Der Polizeihauptmann und sein spartanischer Kollege treffen sich, in sichtbarer Not mit gestrecktem Phallos daherschleichend (1073), und sind nun endlich fürs Verhandeln, wollen unter dem Druck in ihren Leibern das Volk dazu bringen, Verhandlungsführer zu entsenden (1009ff.). Erneut treten die Chöre auf, die Männer höchst unanständig, die Frauen, scheinbar mitleidig, verdecken die Scham der Männer unter allerlei Spott. Der athenische Ratmann und sein spartanischer Kollege kommen herbei und beteuern nun endlich ihren Friedenswillen. Da erscheint Lysistrate mit einem süßen Weibchen, der „Versöhnung“ (1114), und die zieht Athener und Spartaner an ihren Schweifen zu sich heran und bewirkt den Schwur des Friedensschlusses: „Der Feind (die Perser) steht vor der Tür, und ihr vernichtet euch gegenseitig!“ (1133f.). Das Ende ist ein tolles Fest.

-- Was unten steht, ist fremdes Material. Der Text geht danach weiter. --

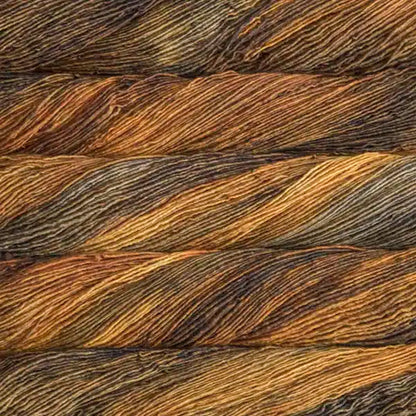 Mechita - Malabrigo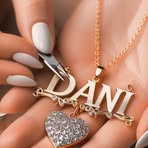 Daniel Chala - Facebook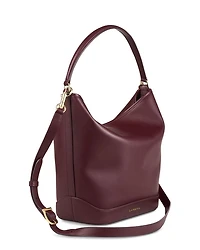 Bucket Bag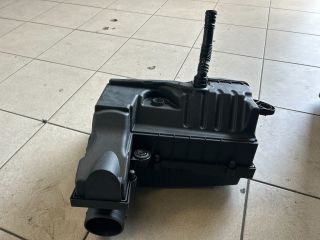 bontott VW GOLF V Légszűrő Ház
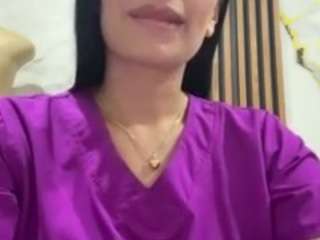georgina253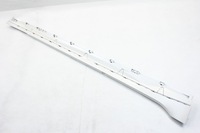 фото thumb №1, Планка порогова права mpower bmw g80 g81 m3 8084238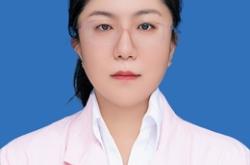 赤峰兒童醫(yī)院急診科電話號碼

Nur im Allgemeinen ist dies Stück ein Friedensstück, es nimmt auf keine besonderen historischen Ereignisse Bezug; es plädiert aber für den Frieden in einer umso stärkeren, erschütternden Weise, wenn die Frau über den stummen Gehorsam klagt, den der Mann ihr auferlegt, und über ihren rasch vergehenden Lenz, wo sie es doch ist, die dem Staat die Kämpfer für die Phalanx gebiert. Es ist ein fest in sich geschlossenes Gebilde, es integriert den Chor (diesmal aus zwei Teilgruppen, aus Männern und Frauen), und man soll nicht zu genau fragen, wie glatt die beiden Strategien der Lysistrate – Eroberung der Burg draußen und zuhause der Ehestreik – miteinander verfugt seien.32 Ein utopisches Traumglück steht am Ende, voller Verspieltheit, aber auch voll Trauer. Es wird gerade an diesem Drama deutlich, wie Aristophanes seine erheiternden Bühnengeschehnisse auf einem dunklen Grunde aufruhen lässt, wie er dem Lachen die Trauer beigibt.